Dataset excerpts:
=-=-=-=-=
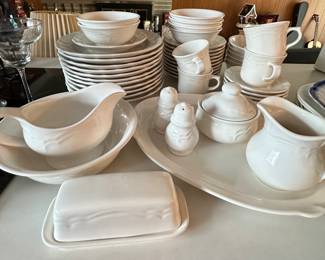 Pfaltgraff Heritage Dish Set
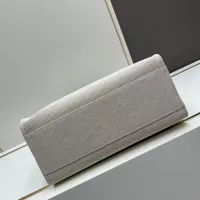 Cheap Versace AAA Quality Handbags For Women #1331332 Replica Wholesale [$190.00 USD] [ITEM#1331332] on Replica Versace AAA Quality Handbags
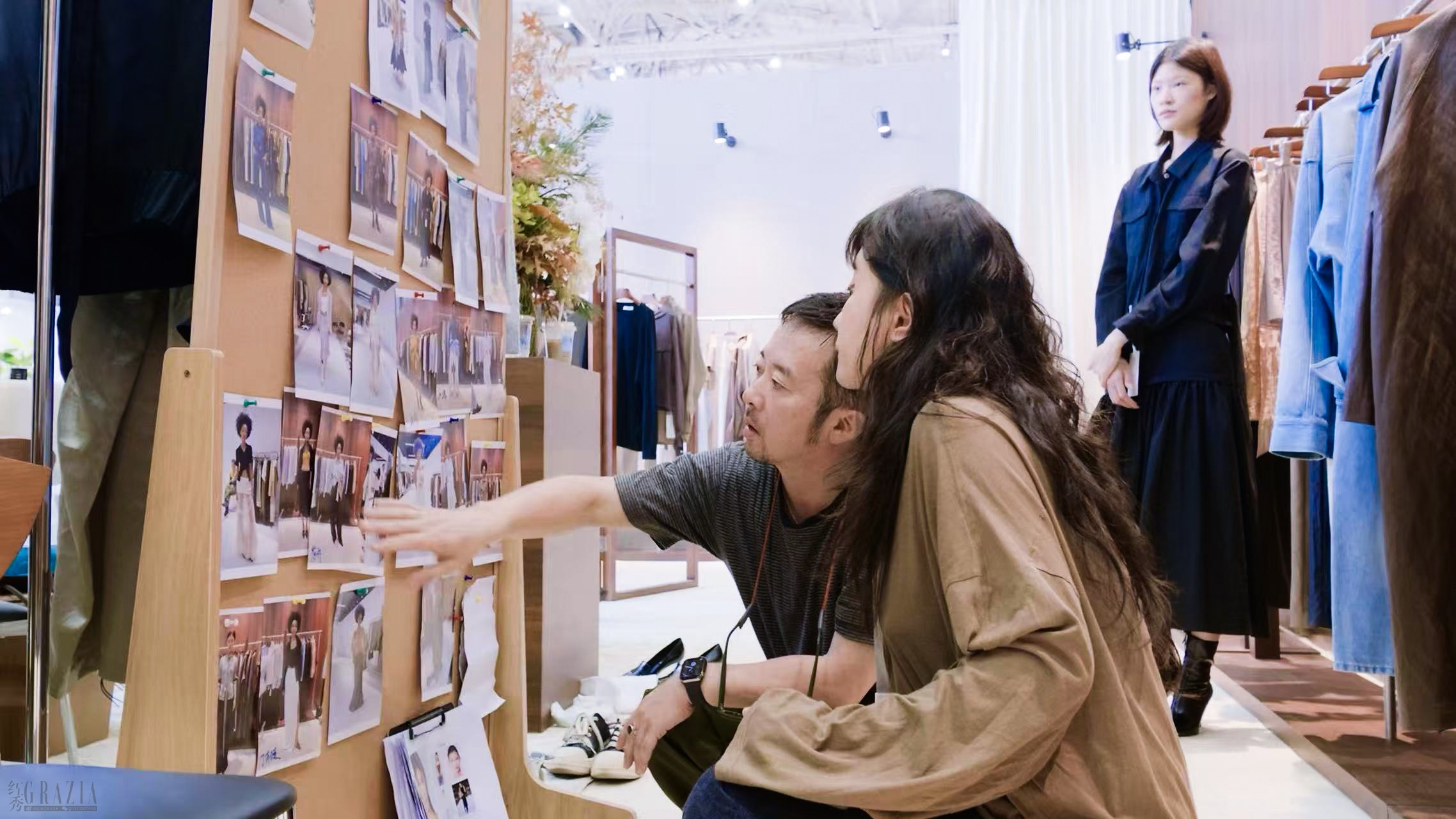 jneju20261016112859.jpg 渡边俊(Shun Watanabe)与设计师李薇在showroom现场fitting.jpg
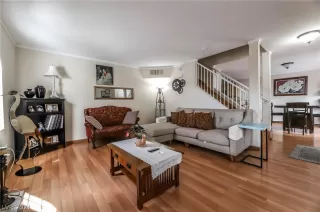 Photo #4: 2291711 Listing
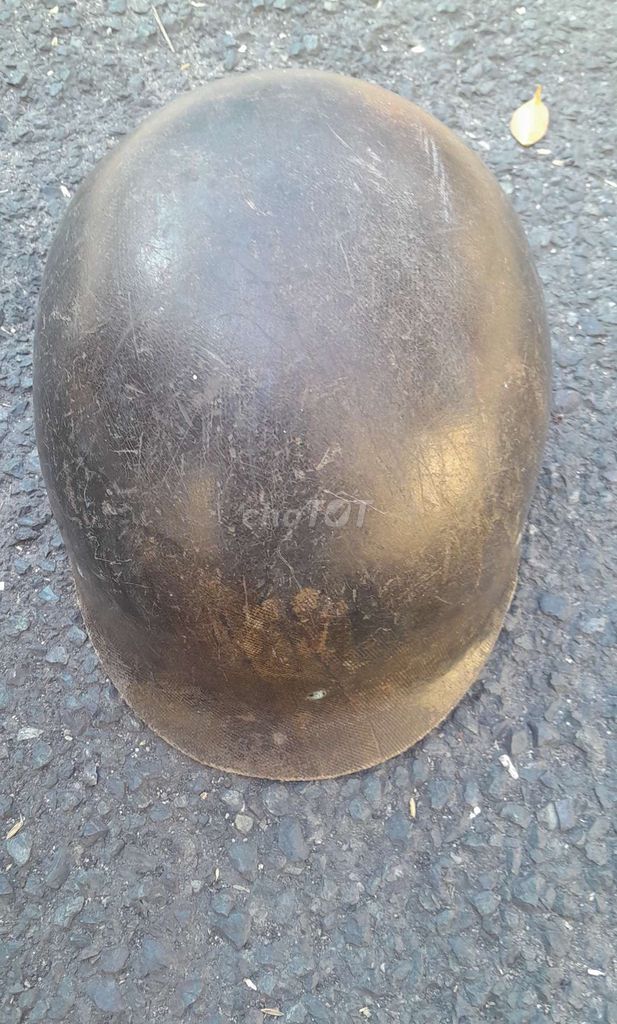 Nón bảo hiểm Dù, Bố Cổ điển xưa như hình ảnh ib. Mua bán Đồ sưu tầm, đồ cổ tại Quận Tân Phú Tp Hồ Chí Minh được đăng bởi VŨ NAM MUA BÁN CHAO ĐỔI ĐỒ XƯA CŨ MỚI HÀNG SIÊU TẦM RẤT VUI ĐƯỢC GIAO LƯU CÙNG AE TOÀN QUỐC hình 1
=-=-=-=-=
BRIEF
Could you write the entries out again exactly, without their pictures?

SOLVED EXERCISE
 Pfaltgraff Heritage Dish Set
 Cheap Versace AAA Quality Handbags For Women #1331332 Replica Wholesale [$190.00 USD] [ITEM#1331332] on Replica Versace AAA Quality Handbags
 jneju20261016112859.jpg 渡边俊(Shun Watanabe)与设计师李薇在showroom现场fitting.jpg
 Photo #4: 2291711 Listing
 Nón bảo hiểm Dù, Bố Cổ điển xưa như hình ảnh ib. Mua bán Đồ sưu tầm, đồ cổ tại Quận Tân Phú Tp Hồ Chí Minh được đăng bởi VŨ NAM MUA BÁN CHAO ĐỔI ĐỒ XƯA CŨ MỚI HÀNG SIÊU TẦM RẤT VUI ĐƯỢC GIAO LƯU CÙNG AE TOÀN QUỐC hình 1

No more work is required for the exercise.